Copy nothing but the text: repeat each entry exactly and drop the images.

★ ★ ★ ★ ★

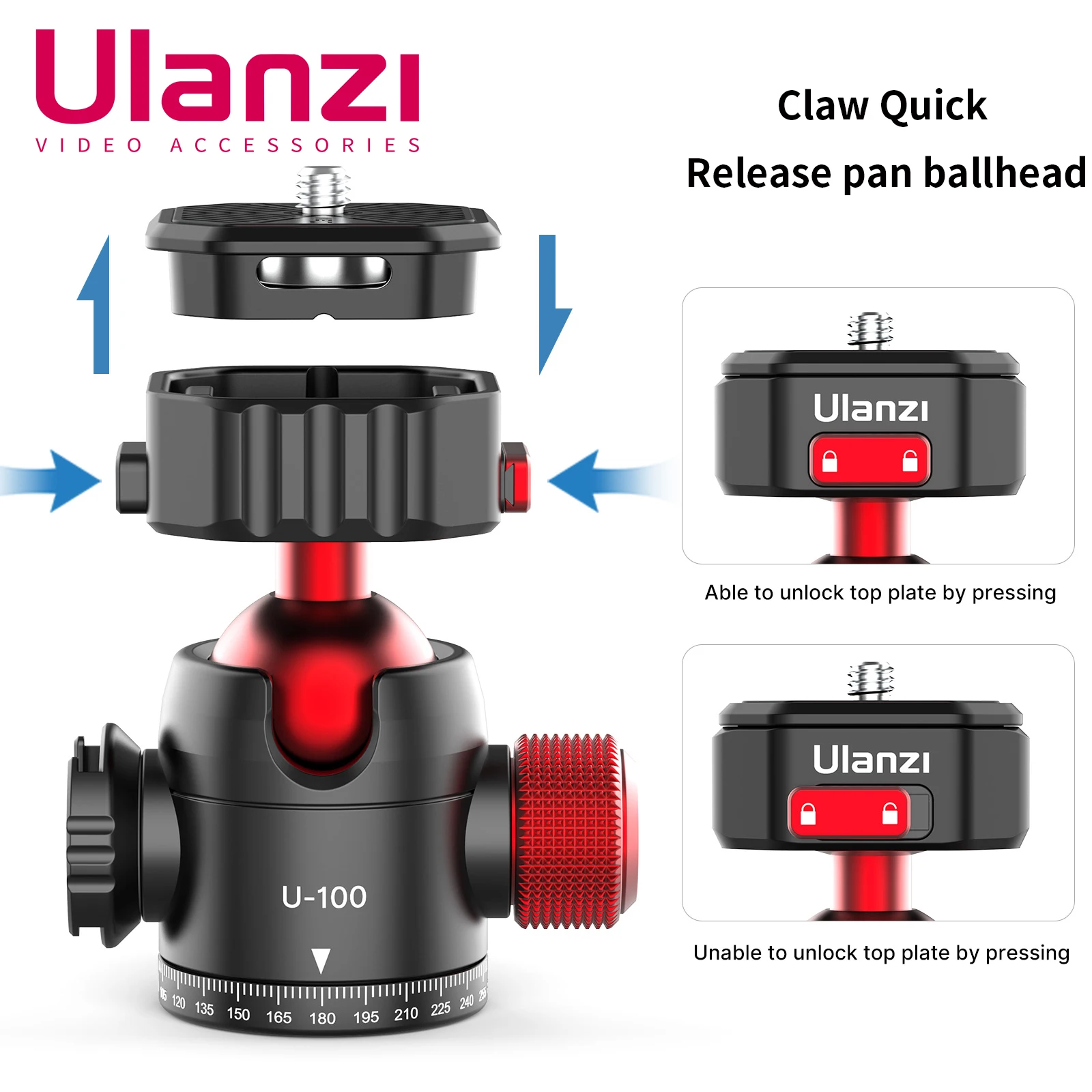 

Ulanzi U-100 Claw PD Quick Release Panoramic Ballhead 1/4'' Base Mount Plate and Cold Shoe Ballhead 2 in 1 Design For DSLR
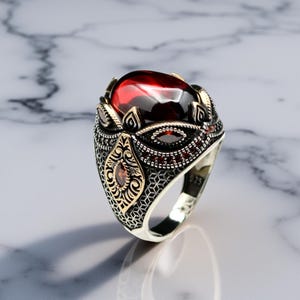 925 Sterling Silver Ruby Men&#39;s Ring,Ottoman Style Red Stone Statement Ring,Handmade Turkish Jewelry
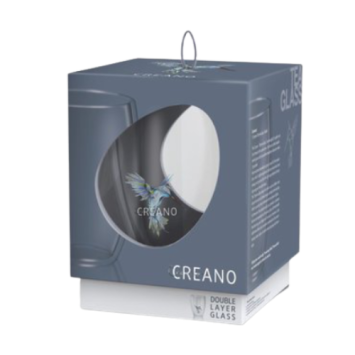 Creano dubbelwandig theeglas Kolibri Blauw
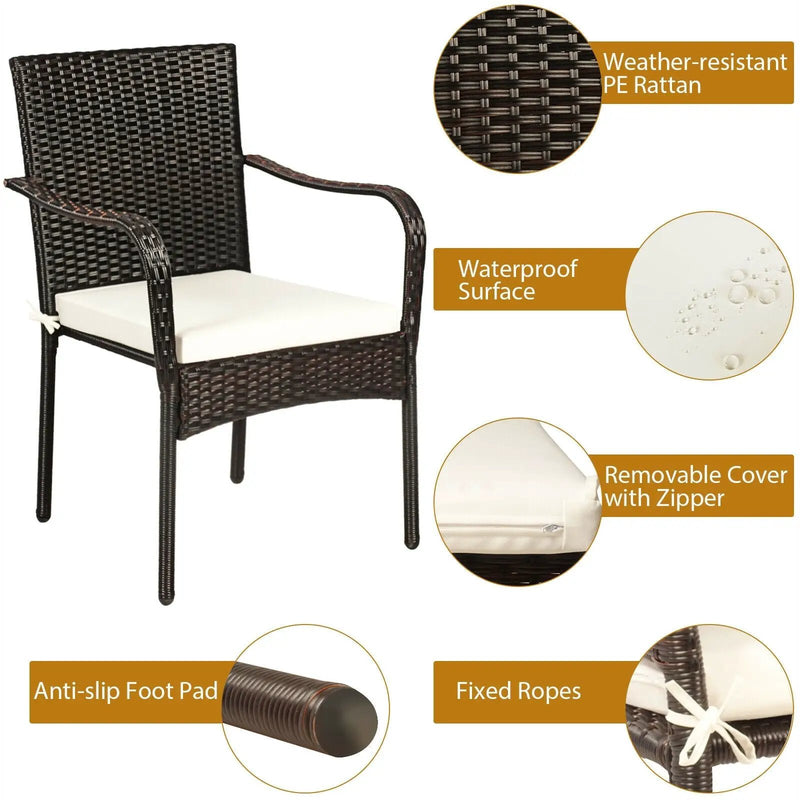 Set of 4 Patio Rattan Stackable Dining Chair with Cushioned Armrest for Garden by DirectDeals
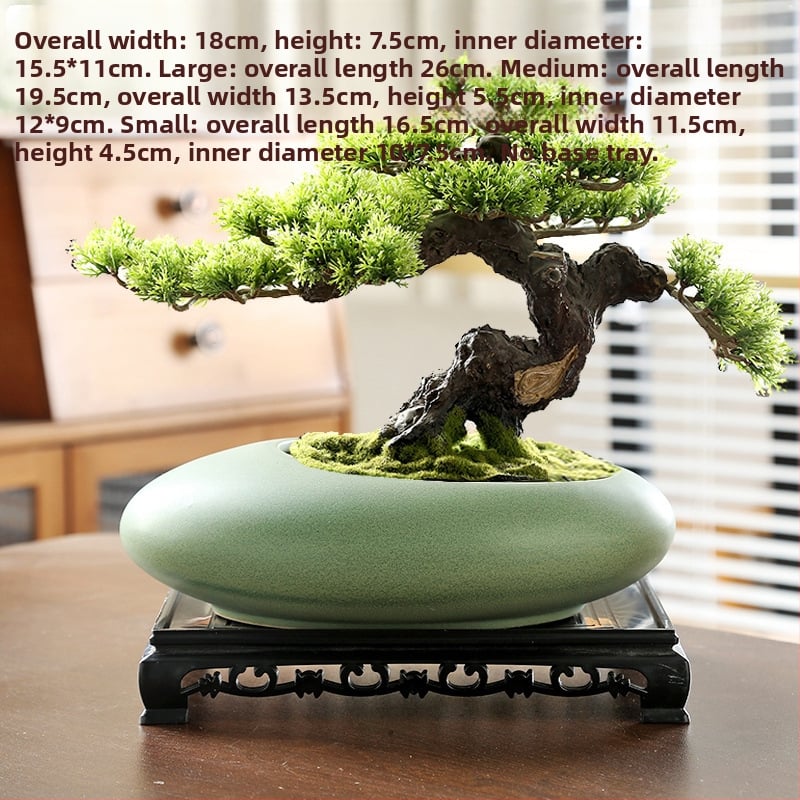 Vas ceramic pentru orchidă bonsai, diametru mare, respirabil, lucrat manual, ars cu gaz, stil nordic, pentru masă.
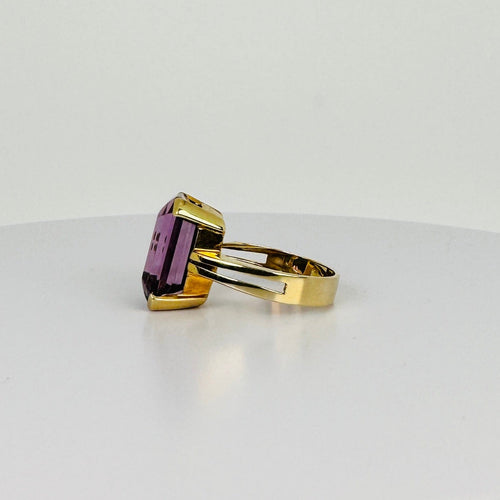 Bague 54 Bague vintage en or jaune 14 ct et améthyste 58 Facettes 2603019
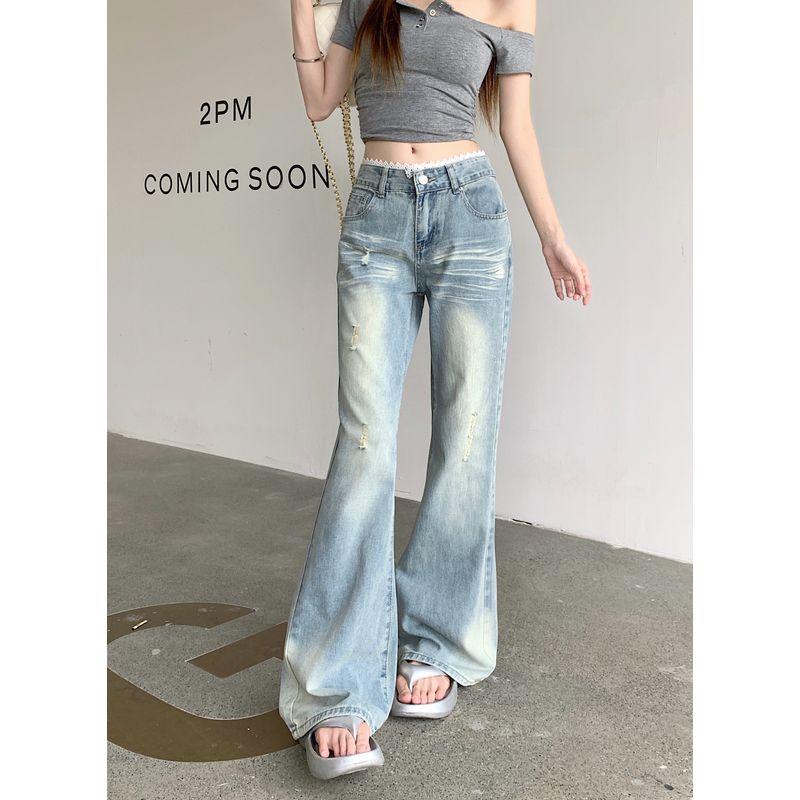 

Kumikumi Lace Lace Low Waist Micro-Pull Denim Women s Autumn Retro Light Blue Slimming Straight Pants Pants Light Blue small section((145-155)) L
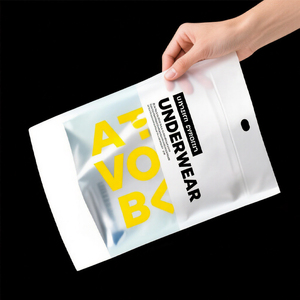 Tùy chỉnh resealable đứng lên Túi Đồ Lót bao bì Zip khóa Mylar túi với cửa sổ rõ ràng - Product Image 1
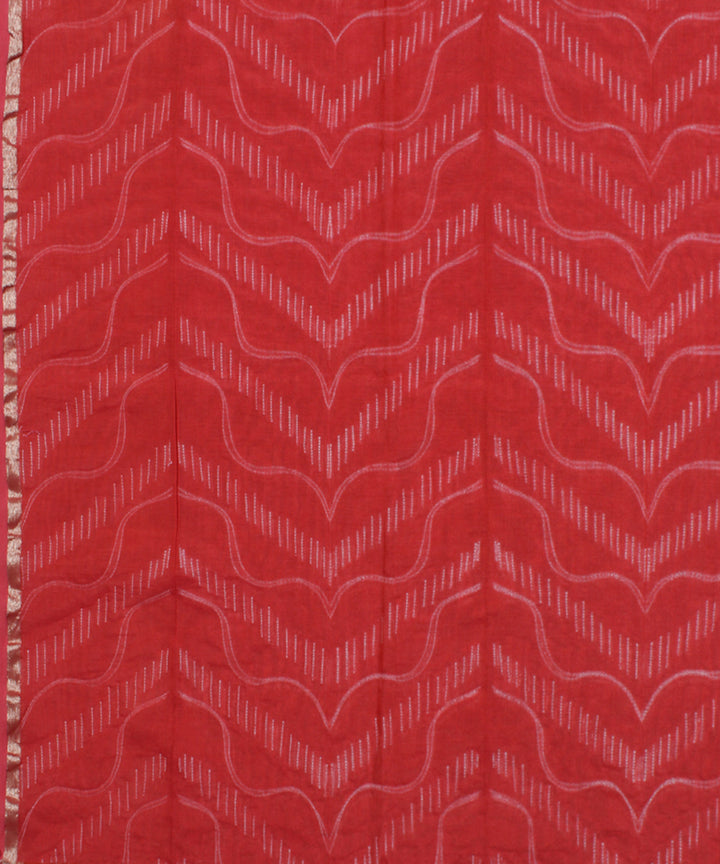 2.5 m Red cotton tie dye shibori kurta material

★ ★ ★ ★ ★

• Exercise answer:
Ulanzi U-100 Claw PD Quick Release Panoramic Ballhead 1/4'' Base Mount Plate and Cold Shoe Ballhead 2 in 1 Design For DSLR
 925 Sterling Silver Ruby Men&#39;s Ring,Ottoman Style Red Stone Statement Ring,Handmade Turkish Jewelry
 Creano dubbelwandig theeglas Kolibri Blauw
 Set of 4 Patio Rattan Stackable Dining Chair with Cushioned Armrest for Garden by DirectDeals
 Vas ceramic pentru orchidă bonsai, diametru mare, respirabil, lucrat manual, ars cu gaz, stil nordic, pentru masă.
 Bague 54 Bague vintage en or jaune 14 ct et améthyste 58 Facettes 2603019

Kumikumi Lace Lace Low Waist Micro-Pull Denim Women s Autumn Retro Light Blue Slimming Straight Pants Pants Light Blue small section((145-155)) L
 Tùy chỉnh resealable đứng lên Túi Đồ Lót bao bì Zip khóa Mylar túi với cửa sổ rõ ràng - Product Image 1
 2.5 m Red cotton tie dye shibori kurta material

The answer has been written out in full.